36 anos - “1º de abril de 1981”

 

No ano de 1981

Grande fato aconteceu,

No dia 1º de abril veja só o que se deu.

Às 7 horas da noite

O Açude Mãe D’água tremeu.

 

Quando o açude estourou

Foi a maior confusão,

A água toda indo embora

causando muita destruição,

E o povo uns gritavam,

outros choravam,

E outros pediam perdão.

 

O poço da caibeira

Também causou confusão,

Arrancando o trapiá

Igualmente um furacão,

Jogando a ponte pra fora

E deixando somente o chão.

 

Ligaram pra Santa Cruz,

Na mesma situação,

O açude Santa Rita

Não aguentou a pressão

Levando a água fora

E causando a destruição.

 

Eu nasci e me criei

Ali naquele lugar

Todo dia eu ia lá pra pescar,

Pescando minha traira

Pra fazer o meu jantar.

 

Agora nesse momento

Eu quero falar também,

De meu amigo George

Que é um homem do bem,

E é um grande locutor

E um poeta também!

 

Peço que leia meus versos,

Pra todo mundo escutar,

Não quero fazer sucesso,

Apenas quero falar:

Pra o prefeito dessa cidade

E o povo desse lugar.

 

Vou pedir a Deus do céu

Pra ele me ajudar,

Me dando força e coragem,

Pra minha história eu contar,

Um abraço aos meus amigos

E para todos deste lugar.

 

Autor Antônio de Lô

Conjunto Margarida Procópio

 

RELATO DO TRÁGICO DIA 1º DE ABRIL DE 1981 PELA PROFESSORA DARQUINHA

Lembro-me com tristeza no coração desse dia 01 de Abril/1981.Meus pais morava na nossa amada Maravilha,o Senhor José Orestes Cortez convidou meu pai Ozair para morar em Santa Cruz e tomar conta do seu armazém que vendia madeira vindo do Maranhão.
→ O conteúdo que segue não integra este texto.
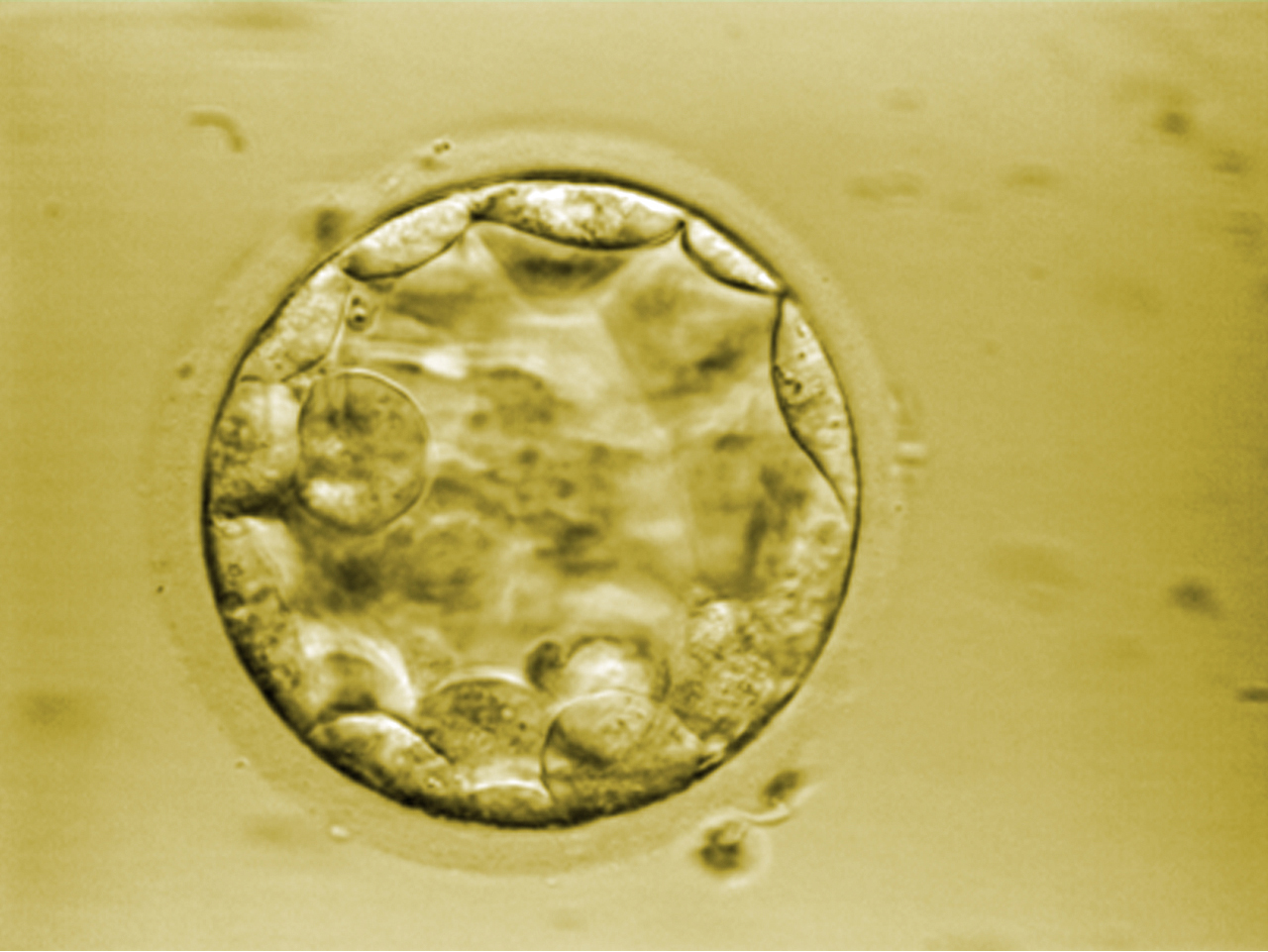 Embryon au stade Blastocyste (5 jours)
Estávamos jantando quando o saudoso Monsenhor Padre Raimundo começou a avisar para as famílias que o açude de Campo Redondo estava em perigo e que todos tomassem cuidado. Saímos de casa,tentamos voltar já não podemos mais,pois a água já entrava pela porta da sala....Foi um dos momentos difíceis em nossas vidas. Meu pai começou a ajudar as pessoas.Também recordo dos amigos Marizete e Dedé seu esposo(grandes amigos)dos meus pais. O telefone não funcionava,papai preocupado com seus pais que estavam em Campo Redondo. Noite de terror. Roupas não tínhamos(só a do corpo). Fomos a Campo Redondo,quase não dava para ver a estrada com tanta chuva. O rádio sempre ligado,procurando ouvir noticias de todos e principalmente das nossas famílias. Em Santa Cruz meus pais tiveram ajuda do saudoso Lourenço e sua esposa quando voltaram para ver como tinha ficado a casa. O único objeto salvo foi uma boneca que estava em cima da cama. A partir da aquele dia voltamos a morar em Campo Redondo e depois para nossa amada Maravilha a onde retornamos para refazer nossas vidas.